#### Data under study
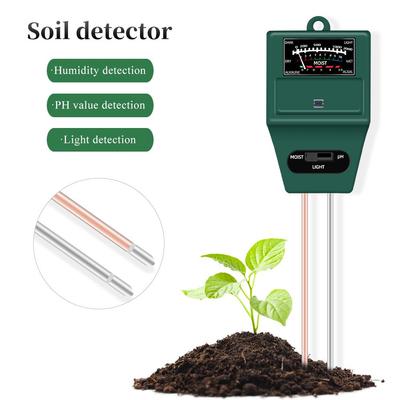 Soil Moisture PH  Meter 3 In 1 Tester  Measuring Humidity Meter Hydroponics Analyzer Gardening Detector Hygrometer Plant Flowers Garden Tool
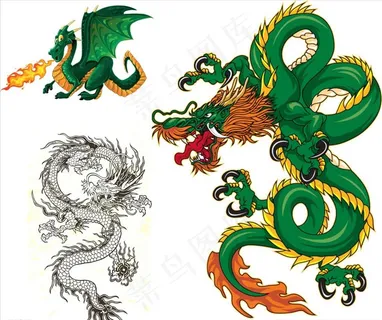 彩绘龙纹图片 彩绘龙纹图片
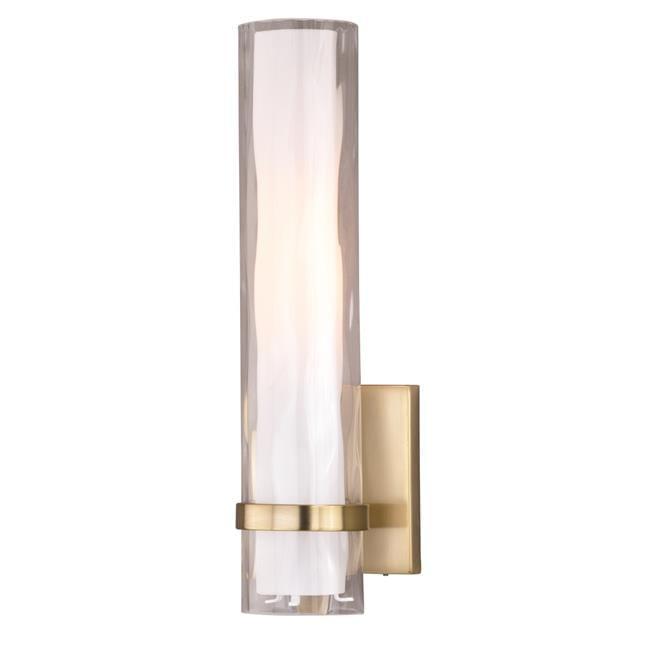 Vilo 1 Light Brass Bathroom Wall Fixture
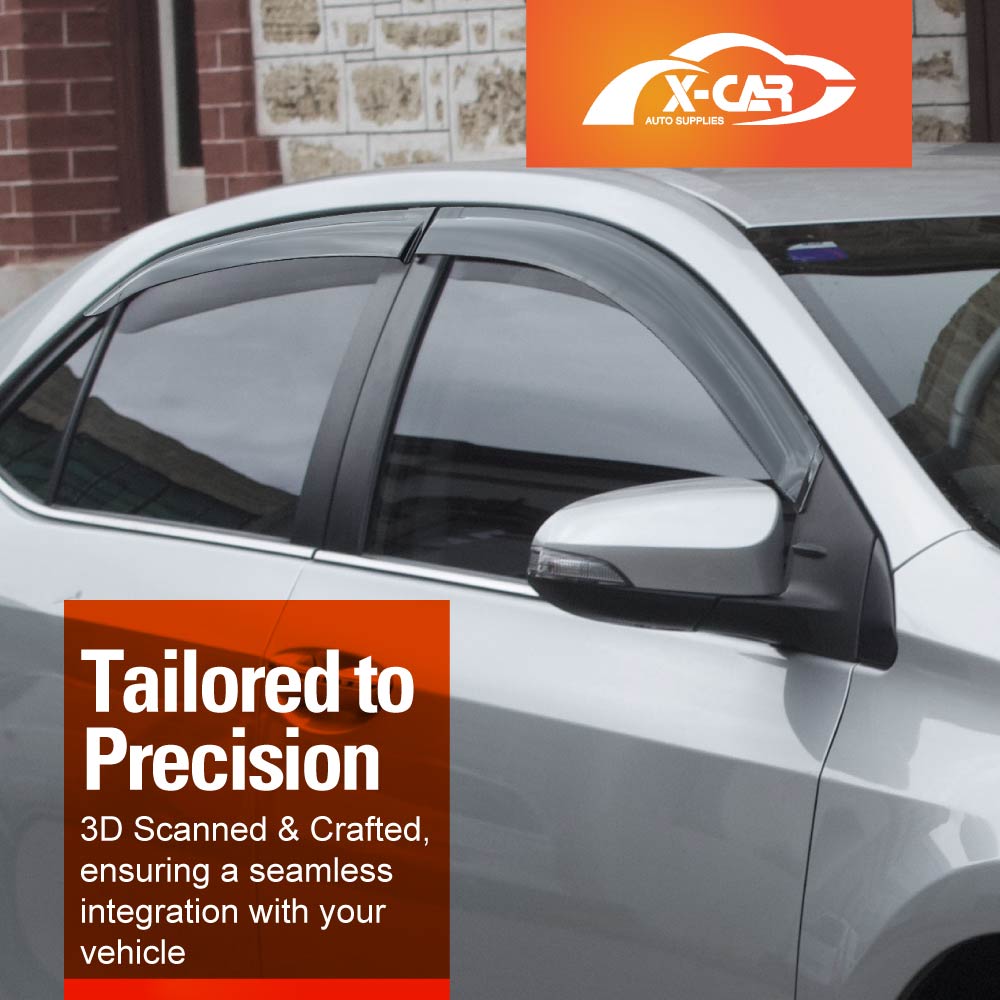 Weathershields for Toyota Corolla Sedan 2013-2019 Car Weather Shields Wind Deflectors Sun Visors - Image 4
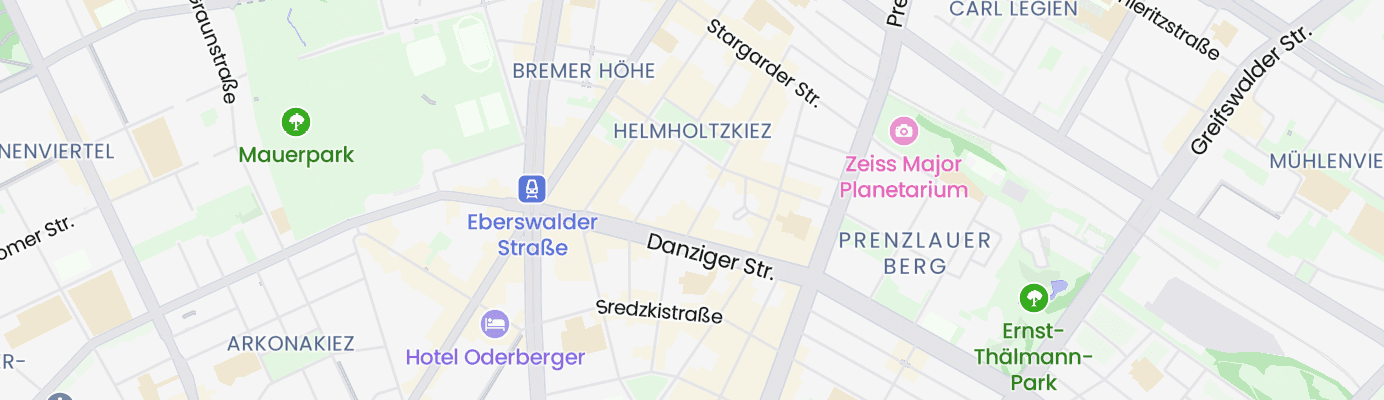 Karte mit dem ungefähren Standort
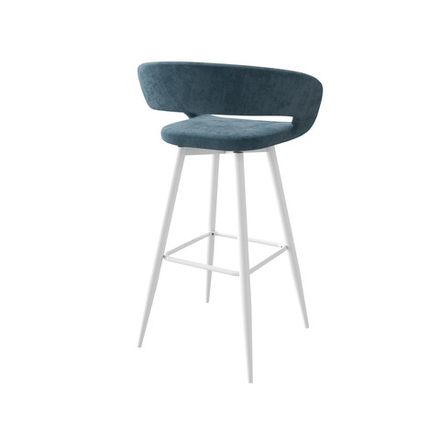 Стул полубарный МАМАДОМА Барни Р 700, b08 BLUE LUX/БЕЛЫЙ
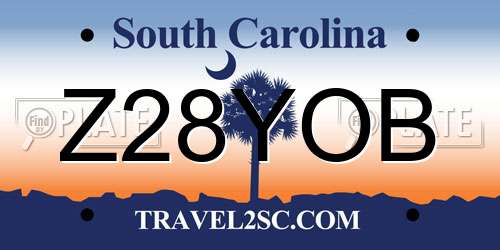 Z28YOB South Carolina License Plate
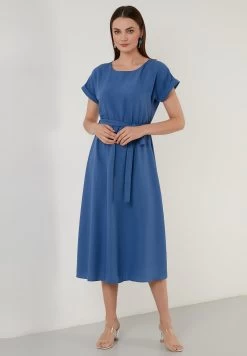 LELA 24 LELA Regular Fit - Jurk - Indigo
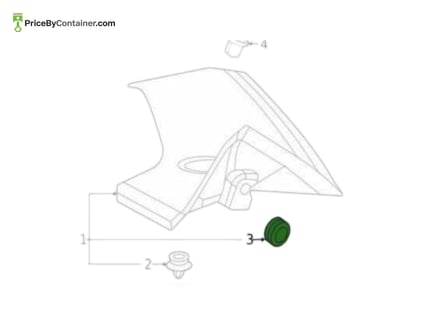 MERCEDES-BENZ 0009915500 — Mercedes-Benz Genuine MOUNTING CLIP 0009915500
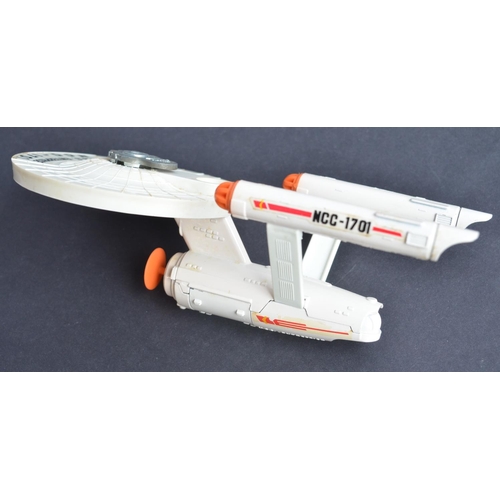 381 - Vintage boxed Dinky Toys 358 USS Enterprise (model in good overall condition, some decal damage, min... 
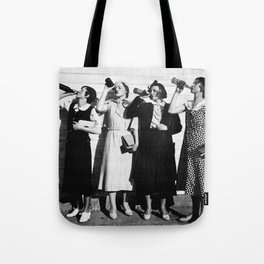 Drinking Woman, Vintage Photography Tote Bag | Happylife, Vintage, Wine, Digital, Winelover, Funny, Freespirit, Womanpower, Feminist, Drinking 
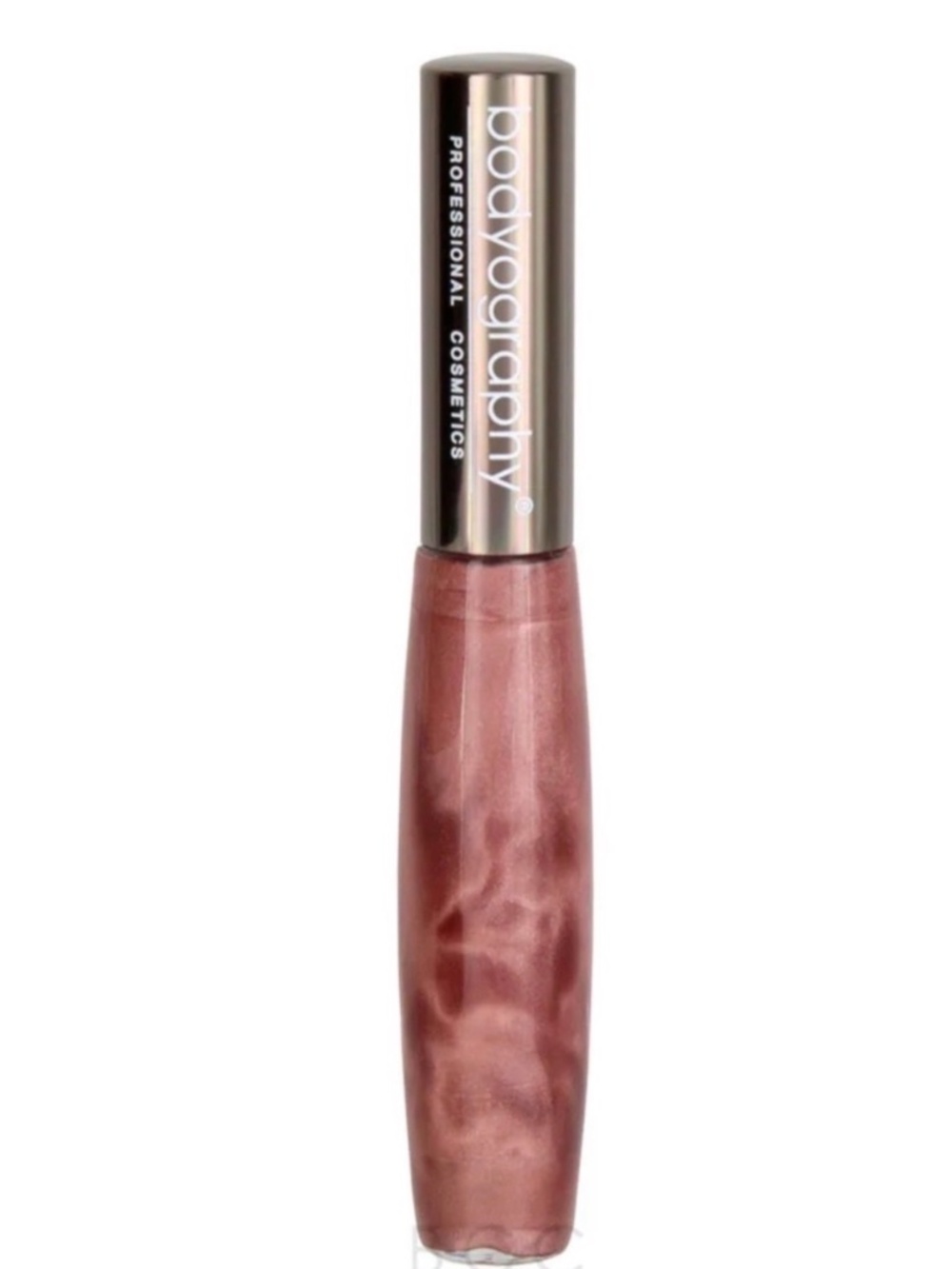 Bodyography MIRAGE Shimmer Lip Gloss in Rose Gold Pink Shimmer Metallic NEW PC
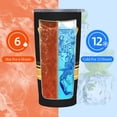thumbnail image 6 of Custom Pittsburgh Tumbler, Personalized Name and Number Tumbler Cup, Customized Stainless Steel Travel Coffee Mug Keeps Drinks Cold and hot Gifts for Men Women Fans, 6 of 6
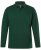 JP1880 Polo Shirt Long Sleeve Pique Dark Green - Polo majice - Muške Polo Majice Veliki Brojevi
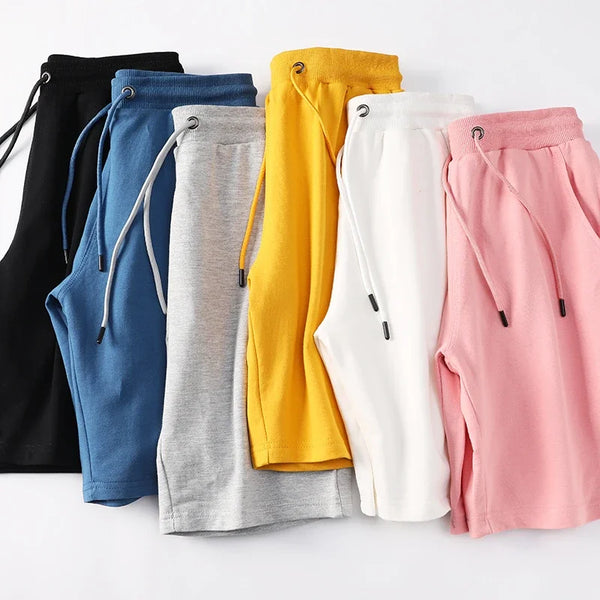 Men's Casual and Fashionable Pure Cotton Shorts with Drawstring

#### Task details
From the line containing "thumbnail image 6" through the last line of the entries, both included, print each line exactly and omit any picture.

#### Answer box
thumbnail image 6 of Custom Pittsburgh Tumbler, Personalized Name and Number Tumbler Cup, Customized Stainless Steel Travel Coffee Mug Keeps Drinks Cold and hot Gifts for Men Women Fans, 6 of 6
 JP1880 Polo Shirt Long Sleeve Pique Dark Green - Polo majice - Muške Polo Majice Veliki Brojevi
 Men's Casual and Fashionable Pure Cotton Shorts with Drawstring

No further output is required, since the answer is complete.